Thursday, October 2, 2014

The reality behind the Molly & Izzy friendship.

I've always heard the phrase "write what you know."  With Izzy and Molly, I did just that.  Their friendship isn't something I dreamed up in my mind, it isn't something I spent hours trying to perfect, it came easily and naturally.  Why? Because their friendship is based on a friendship I've shared with three amazing women for years. 

I know in the past I've talked about things I've been through, my fight with depression, and just general life struggles....  and I've even talked about these women before.  But I feel like it is worth repeating! 

In 2007, on October 22, I went through one of the hardest days of my life.  I miscarried.  This isn't a post about that though, this is a post about what has stayed with me most from that day.  This is about my best friends!
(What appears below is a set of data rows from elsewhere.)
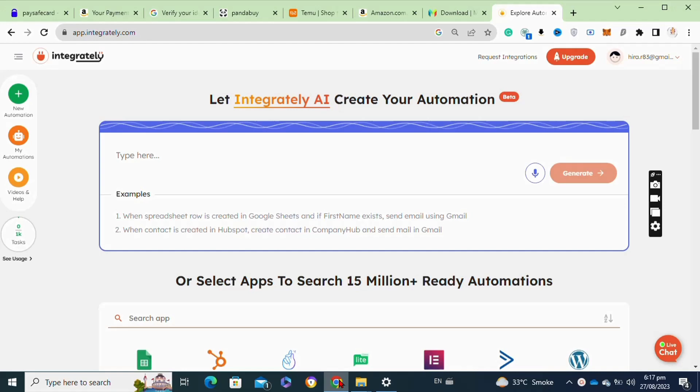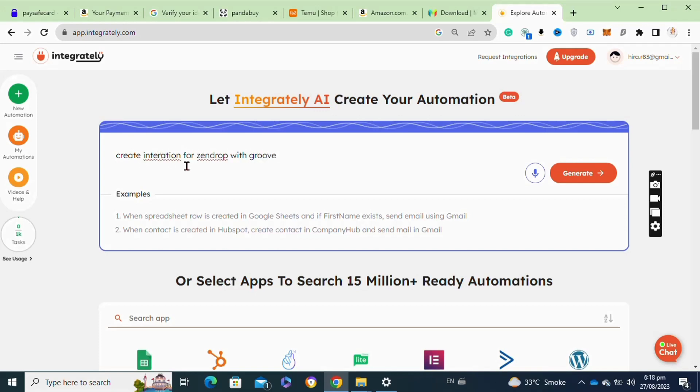First, you will need to go to your Chrome browser and sign into your Integrately account. You will be able to view the interface like this. Integrately allows you to create AI automation tools. Here you have to type in the integration that you want.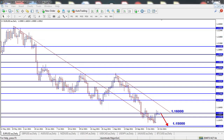On EURUSD, price tried to break the 1.16000 level last week but failed to close above it. I'm expecting the price to drop to 1.15000 level this week before starting to rise. We have Consumer Price Index and Manufacturing PMI news scheduled for this week, which will have some impact on EURUSD.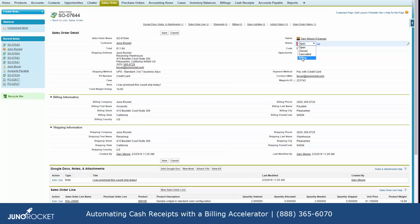This is a huge time saver. All of those steps are completely eliminated by implementing this simple accelerator, and it should be a big help for anybody using AccountingSeed that's involved in any level of volume transactions. Thanks for watching.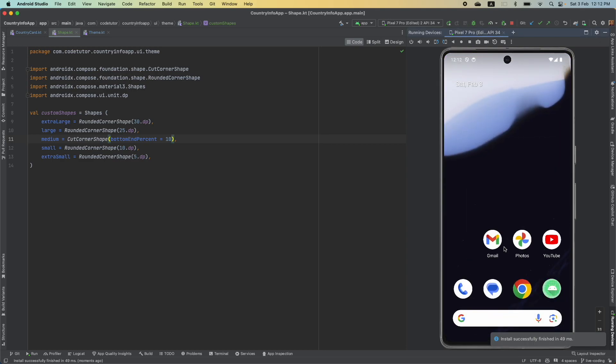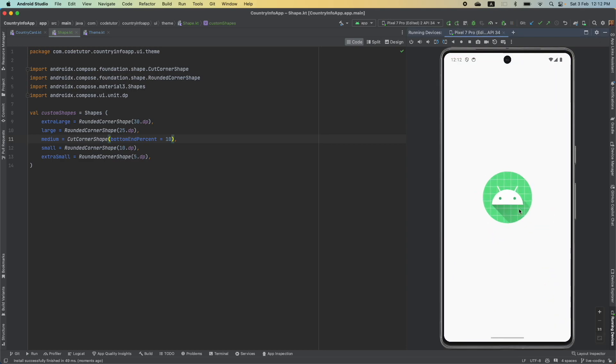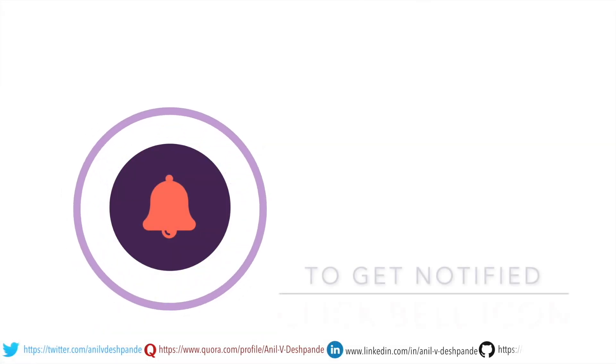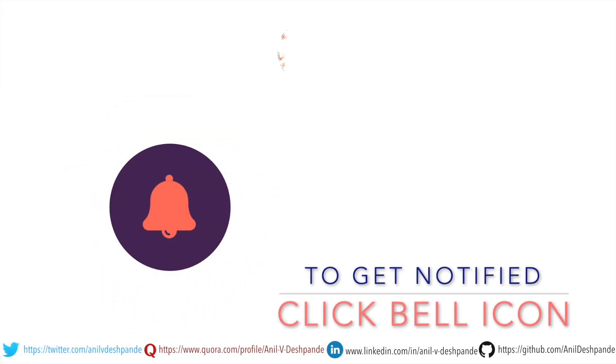So, this is how you basically change the shapes of the composables in Jetpack Compose. So, with this, we have basically completed everything that we need to cover as a part of the composable theming basics. In the next video, we will move on to another new topic as a part of Jetpack Compose. That brings us to the end of this particular video.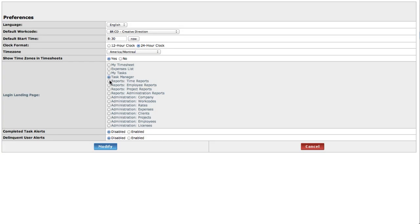Depending on what section of Hourglass you use most commonly, setting a login landing page can help you speed up your daily tasks and interactions with Hourglass.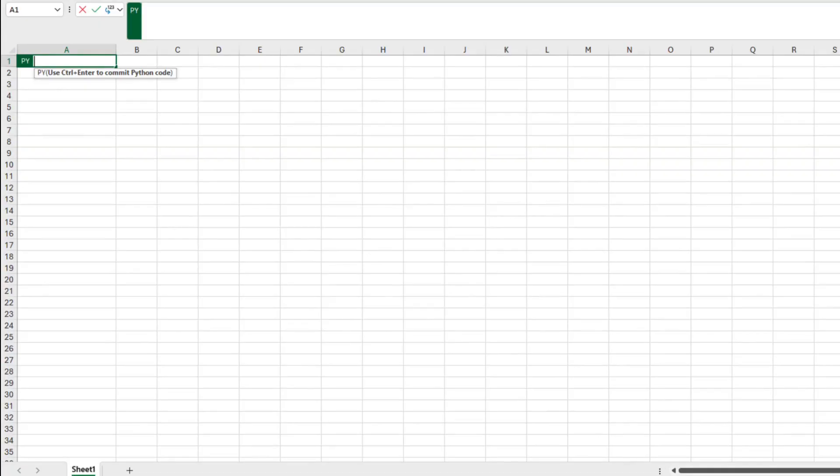To import a square root function, for example, you can run from math import sqrt. Happy coding!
When I was falling apart, my three best friends in this world rallied around me.  I will use initials here... J and K showed went with me to the many doctor's visits that day alongside my mom.  They stayed with me while my heart broke and reminded me that it was okay to cry.  They held my hand and managed to still make me smile when the world felt like it was falling apart around me.

As soon as she could, A showed up, on her birthday, to join the troop.  Not the best way to spend a day of celebration, but she never once complained.  (Not until the next year when I went into labor on her special day... then she said the next year was all hers.  :D )
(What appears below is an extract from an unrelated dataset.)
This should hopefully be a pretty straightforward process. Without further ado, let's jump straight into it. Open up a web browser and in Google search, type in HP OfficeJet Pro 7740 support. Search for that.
That day is forever burned into my memory, and surprisingly it isn't the loss of that day that stands out the most.  What has stayed with me over the past years is the selflessness of my friends.  They came with me and stayed, they went to my apartment and cleaned out anything that might remind me of the pregnancy and boxed it away until I might need it again, and they made me smile when every ounce of happiness seemed so far away.

If you ever find yourself wondering about Izzy and Molly.... well their friendship is based on my three best friends on this earth.  To this day, and to the last day of my life, I will love these women.  Not a day goes by that I don't think of each of them.  And though we live scattered now, I know that our friendship knows no distance. 

Thank you ladies for being there that day and all of the days after.  Thanks for inspiring me, making me laugh, and helping me to be brave.  I love you people!